__WHAT YOU ARE ASKED TO DO__. Keep the pictures out of your copy. Transcribe the records below exactly.
┄┄┄┄┄┄
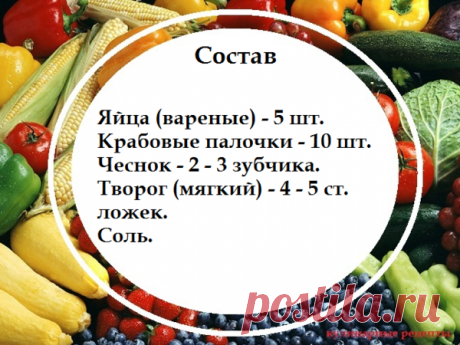 Закуска на новогодний стол. Яйца «Заморские». | Кулинарные рецепты | Яндекс Дзен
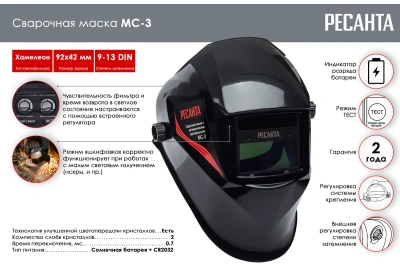 Сварочная маска МС-3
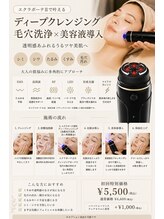 スナイ(SNAY)/ディープクレンジング美容液導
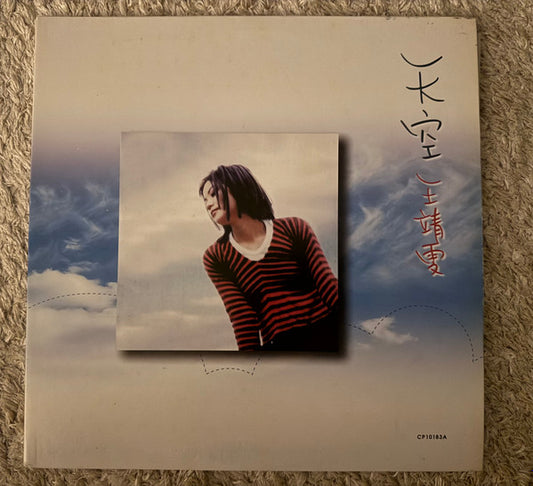 王靖雯* : 天空 (LP, Album, mad)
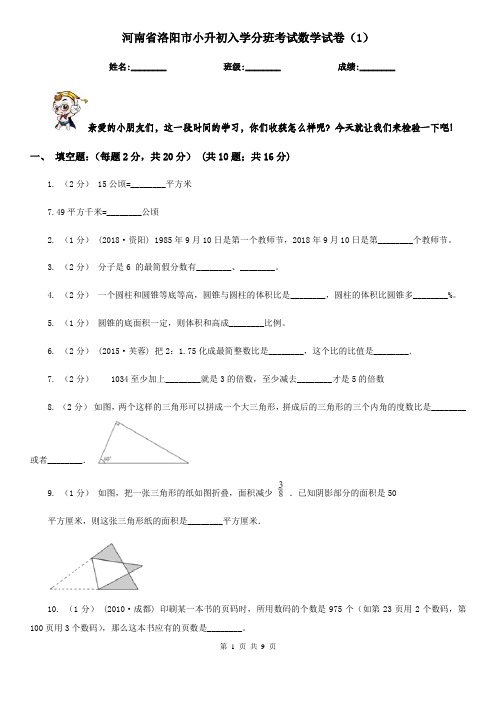 河南省洛阳市小升初入学分班考试数学试卷(1)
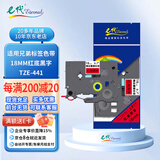 e代标签色带18mm红底黑字TZe-441适用brother兄弟PT-P700标签机D450打印机P900W标签纸打印纸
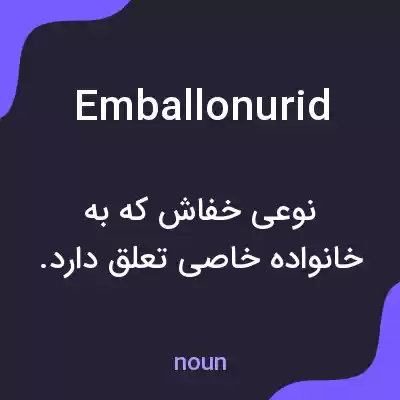 معنی emballonurid به فارسی معنی emballonurid به فارسی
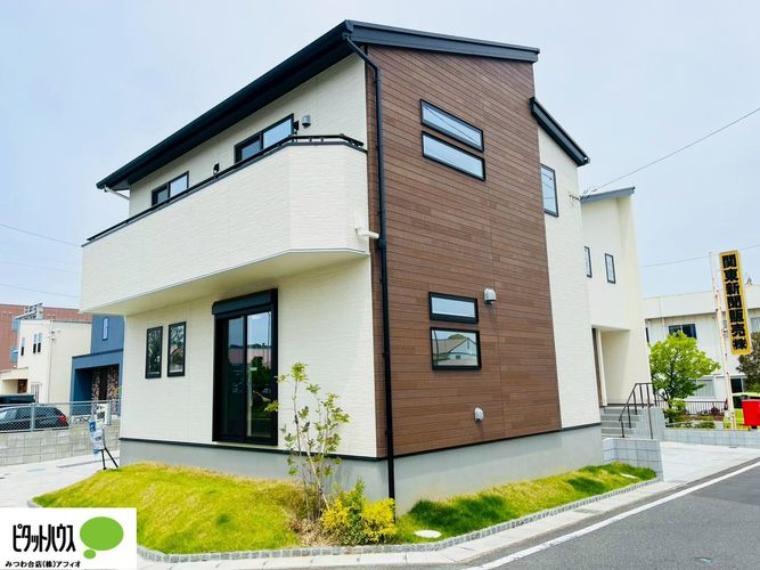 株式会社アフィオ ピタットハウスみつわ台店
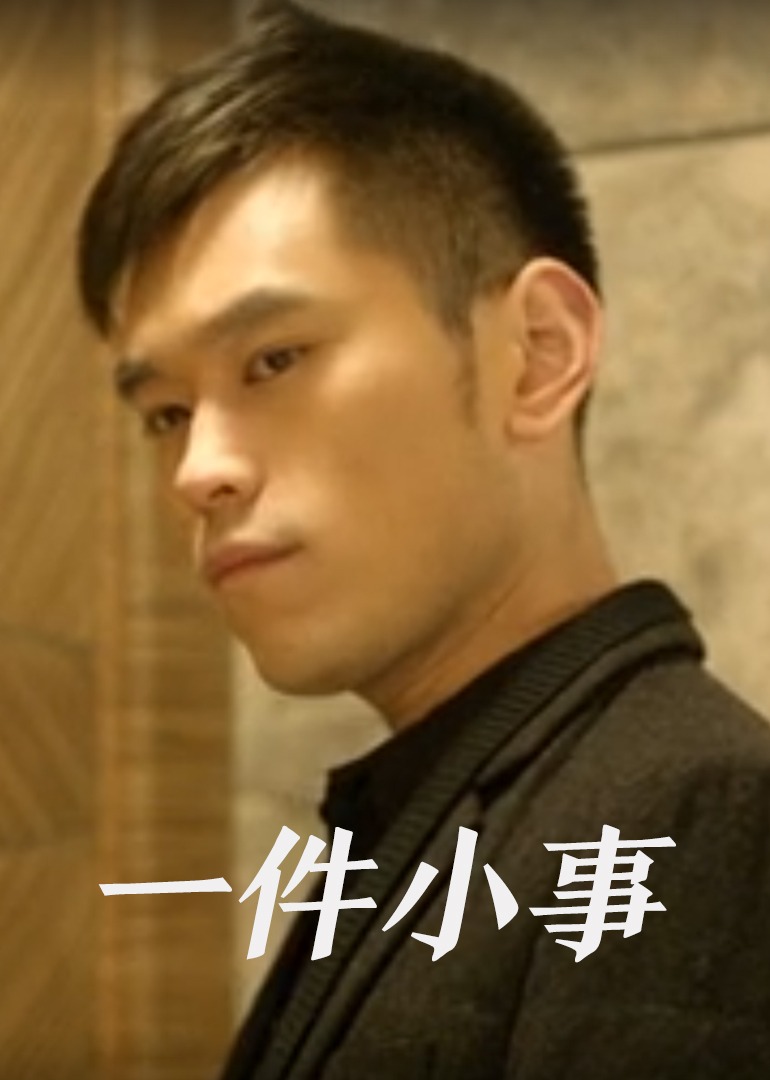 蜜臀精品无码一区二区三区av,日韩高清一区二区,亚洲一区二区三区不卡顿,亚洲综合天堂一区二区三区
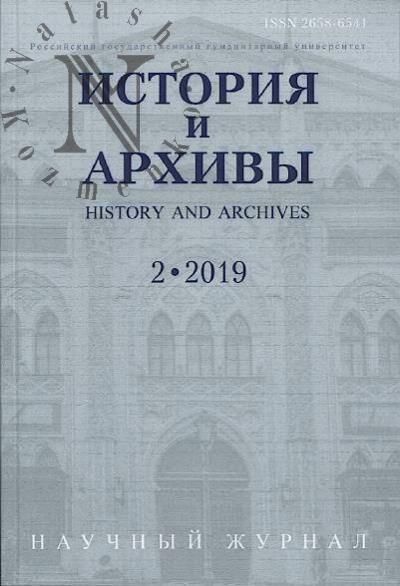 Istoriia i arkhivy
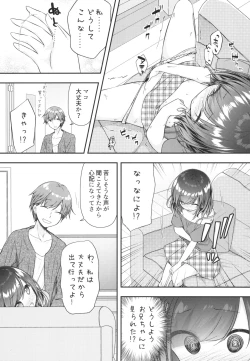 Page 7 of Souiu Toko da yo Oniichan ga Daisuki~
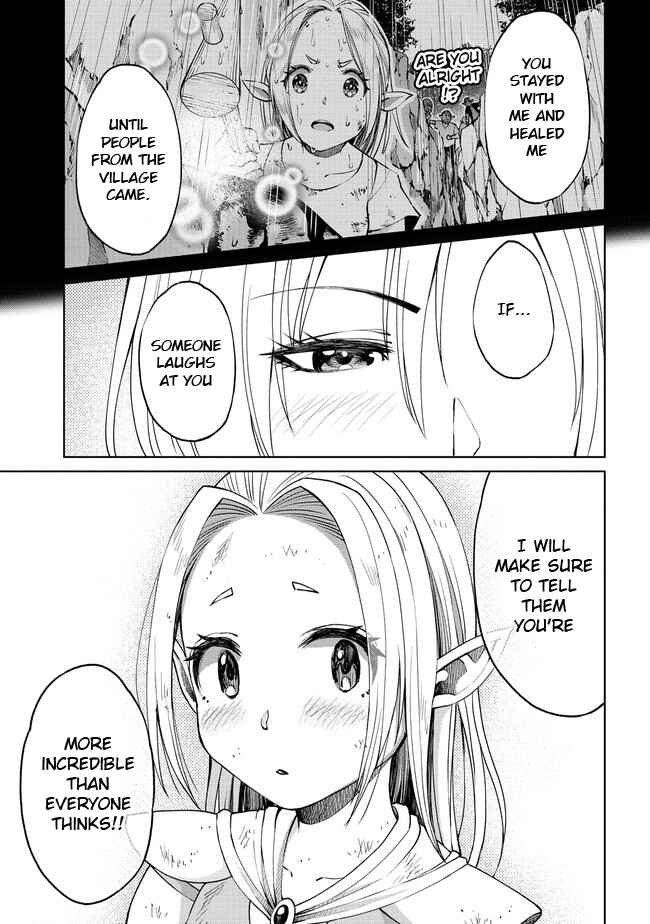 Sekai ni Hitotsu Dake no R Chapter 12.1 - Page 9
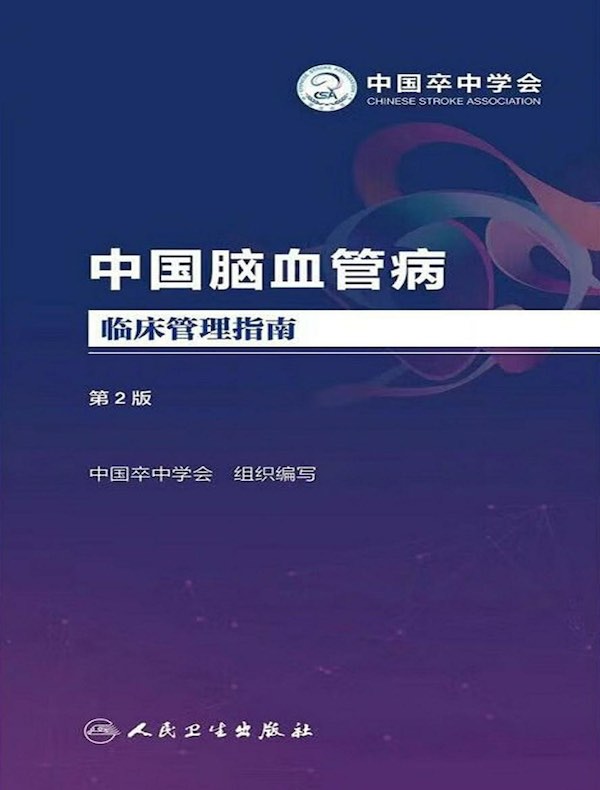 中国脑血管病临床管理指南（第2版）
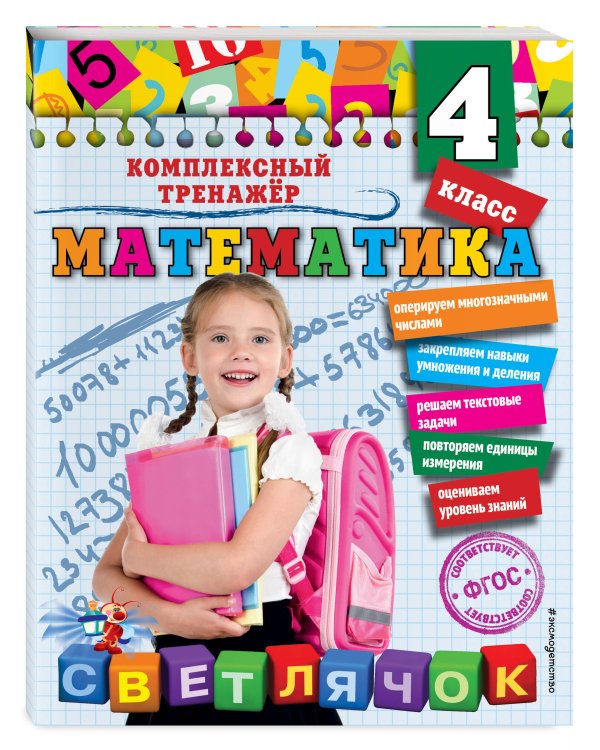 Математика. 4 класс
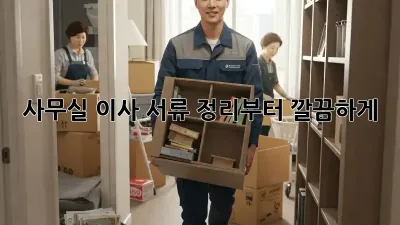 사무실 이사? 서류 정리부터 깔끔하게!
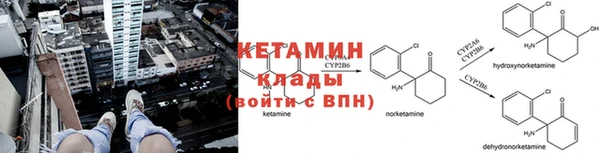 мефедрон VHQ Балабаново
┄┄┄┄┄┄
__ANSWER SECTION__.
 Закуска на новогодний стол. Яйца «Заморские». | Кулинарные рецепты | Яндекс Дзен
 Сварочная маска МС-3
 スナイ(SNAY)/ディープクレンジング美容液導
 王靖雯* : 天空 (LP, Album, mad)
 河南省洛阳市小升初入学分班考试数学试卷(1)
 e代标签色带18mm红底黑字TZe-441适用brother兄弟PT-P700标签机D450打印机P900W标签纸打印纸
 معنی emballonurid به فارسی معنی emballonurid به فارسی
 株式会社アフィオ ピタットハウスみつわ台店
 蜜臀精品无码一区二区三区av,日韩高清一区二区,亚洲一区二区三区不卡顿,亚洲综合天堂一区二区三区
 Istoriia i arkhivy
 Page 7 of Souiu Toko da yo Oniichan ga Daisuki~
 Sekai ni Hitotsu Dake no R Chapter 12.1 - Page 9
 中国脑血管病临床管理指南（第2版）
 Математика. 4 класс
 사무실 이사? 서류 정리부터 깔끔하게!
 мефедрон VHQ Балабаново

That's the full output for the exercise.